K-Electric has lately been in the news, but not for all the good reasons. Load-shedding this summer and power outage during unprecedented rains invited bad press. The media narrative on KE privatization is changing. The argument is that virtual monopoly of generation, transmission and distribution in the biggest city of the country puts inhabitants at a loss. Before delving into this debate of monopoly, it is pertinent to note that the whole argument for discos’ privatization in the last decade is premised upon good performance of KE. One cannot deny this reality in the heat of the moment.

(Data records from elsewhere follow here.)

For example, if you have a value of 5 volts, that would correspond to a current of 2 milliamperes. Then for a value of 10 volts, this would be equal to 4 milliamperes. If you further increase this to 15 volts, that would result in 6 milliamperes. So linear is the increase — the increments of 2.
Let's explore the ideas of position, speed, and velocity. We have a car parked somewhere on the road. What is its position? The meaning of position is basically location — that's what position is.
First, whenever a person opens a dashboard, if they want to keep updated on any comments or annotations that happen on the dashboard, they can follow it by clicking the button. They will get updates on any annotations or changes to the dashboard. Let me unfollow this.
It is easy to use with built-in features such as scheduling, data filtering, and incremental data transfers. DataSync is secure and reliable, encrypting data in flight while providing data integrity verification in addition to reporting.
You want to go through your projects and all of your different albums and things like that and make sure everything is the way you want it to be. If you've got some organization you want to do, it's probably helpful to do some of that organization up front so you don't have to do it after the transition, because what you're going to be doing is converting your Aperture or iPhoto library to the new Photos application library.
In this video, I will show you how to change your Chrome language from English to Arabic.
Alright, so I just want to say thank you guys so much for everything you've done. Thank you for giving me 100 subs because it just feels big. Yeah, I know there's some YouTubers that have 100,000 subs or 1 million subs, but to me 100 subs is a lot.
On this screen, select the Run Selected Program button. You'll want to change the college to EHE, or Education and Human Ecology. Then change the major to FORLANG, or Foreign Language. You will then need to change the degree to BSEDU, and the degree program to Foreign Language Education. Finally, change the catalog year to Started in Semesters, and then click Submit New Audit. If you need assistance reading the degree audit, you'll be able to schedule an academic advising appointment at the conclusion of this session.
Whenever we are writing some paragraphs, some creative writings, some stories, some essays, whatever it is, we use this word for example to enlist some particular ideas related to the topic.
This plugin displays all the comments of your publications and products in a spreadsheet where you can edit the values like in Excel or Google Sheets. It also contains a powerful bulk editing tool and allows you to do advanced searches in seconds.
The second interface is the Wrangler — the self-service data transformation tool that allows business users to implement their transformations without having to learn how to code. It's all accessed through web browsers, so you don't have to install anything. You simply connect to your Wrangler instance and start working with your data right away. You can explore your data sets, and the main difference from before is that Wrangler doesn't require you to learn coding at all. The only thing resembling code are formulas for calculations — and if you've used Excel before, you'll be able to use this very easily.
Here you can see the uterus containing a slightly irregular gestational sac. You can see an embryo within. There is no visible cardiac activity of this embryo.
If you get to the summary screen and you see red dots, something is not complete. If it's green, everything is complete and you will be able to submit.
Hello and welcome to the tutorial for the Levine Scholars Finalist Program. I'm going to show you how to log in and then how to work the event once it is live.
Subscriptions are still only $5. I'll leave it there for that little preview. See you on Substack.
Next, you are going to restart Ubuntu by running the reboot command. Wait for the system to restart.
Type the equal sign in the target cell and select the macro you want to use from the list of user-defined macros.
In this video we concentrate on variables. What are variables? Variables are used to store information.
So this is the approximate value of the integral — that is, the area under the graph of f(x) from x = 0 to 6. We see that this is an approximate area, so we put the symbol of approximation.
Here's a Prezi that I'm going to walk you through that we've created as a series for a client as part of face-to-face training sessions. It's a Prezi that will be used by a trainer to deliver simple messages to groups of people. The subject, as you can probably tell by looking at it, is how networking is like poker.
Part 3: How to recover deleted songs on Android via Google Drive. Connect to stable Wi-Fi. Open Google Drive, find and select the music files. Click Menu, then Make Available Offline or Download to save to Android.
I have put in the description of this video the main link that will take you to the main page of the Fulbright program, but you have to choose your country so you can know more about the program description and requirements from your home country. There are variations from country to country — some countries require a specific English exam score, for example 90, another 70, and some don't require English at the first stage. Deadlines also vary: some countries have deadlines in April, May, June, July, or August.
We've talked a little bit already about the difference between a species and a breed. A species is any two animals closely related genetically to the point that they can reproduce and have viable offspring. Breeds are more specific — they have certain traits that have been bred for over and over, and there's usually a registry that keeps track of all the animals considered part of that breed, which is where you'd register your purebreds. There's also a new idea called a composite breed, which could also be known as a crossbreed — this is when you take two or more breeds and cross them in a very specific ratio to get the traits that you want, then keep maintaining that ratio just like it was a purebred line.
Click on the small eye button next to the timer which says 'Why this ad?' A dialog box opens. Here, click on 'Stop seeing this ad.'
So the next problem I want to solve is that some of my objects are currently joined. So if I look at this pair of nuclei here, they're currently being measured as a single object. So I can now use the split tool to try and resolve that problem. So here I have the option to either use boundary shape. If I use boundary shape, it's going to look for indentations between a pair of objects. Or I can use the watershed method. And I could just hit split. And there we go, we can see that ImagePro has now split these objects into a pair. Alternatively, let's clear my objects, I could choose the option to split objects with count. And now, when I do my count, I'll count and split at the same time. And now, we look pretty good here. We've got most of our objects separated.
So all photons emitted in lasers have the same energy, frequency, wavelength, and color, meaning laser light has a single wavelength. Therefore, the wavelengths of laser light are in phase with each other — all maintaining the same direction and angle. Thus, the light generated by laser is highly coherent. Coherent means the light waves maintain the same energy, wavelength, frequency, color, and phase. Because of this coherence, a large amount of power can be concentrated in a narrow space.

KE was privatized in 2005. But the real change was observed only after Abraaj’s investment in 2009. The then management under the leadership of dynamic and impulsive Tabish Gohar (who is now appointed as PM’s special assistant on power) did a massive exercise of change management. At one point, to resist the change, PPP, PTI and MQM, JI– all protested against KE management outside its office in DHA Karachi. But the management withstood the storm.
The proof is in the pudding. Aggregated Technical and Commercial Losses (AT&T) of KE were at 43 percent in 2009; while for discos (rest of the country) the losses were 28 percent at that time. The number reduced to 31 percent for KE by 2015 while for discos, the number remained unchanged at 28 percent. The better comparative performance of KE versus rest of the country’s transmission and distribution network was making KE the exemplary boy in the family.
KE was innovative and the rest of the country followed in the footsteps of this utility. For example, KE started load management based on losses – higher planned outages in areas of low recovery. That had substantially improved the recovery. The rest of the country adopted this policy based on KE success. Now the AT&C losses in KE are 26.5 percent, while rest of discos are 27.6 percent. Everyone is at par; and the improvement rate in KE is diminishing. That is why the good boy is becoming a poster child.
But the need is to see what has happened after 2015 which has slowed down the improvement process. KE is becoming an orphan – a common problem other departments/functions in Karachi are facing today. Abraaj was a private equity venture. Its model was to turnaround the ailing utility company and then sell it to a third hand. And it did.
In October 2016, Shanghai Electric buying KE from Abraaj Capital was announced. Four years gone, and the deal remains pending. Abraaj Capital is in liquidation process for the past two years; yet nothing is being decided on the deal. The company needs fresh investment. But for that, the management has to be transferred to new hands. This stalemate has halted the process of improvement in KE. Now, there are talks on removing the exclusivity of KE in transmission and distribution in Karachi. At first, how can this be done when the company has contractual rights of exclusivity till July 2023. This may create another Reko Diq. Plus, Shanghai Electric might not complete the transaction in such a case.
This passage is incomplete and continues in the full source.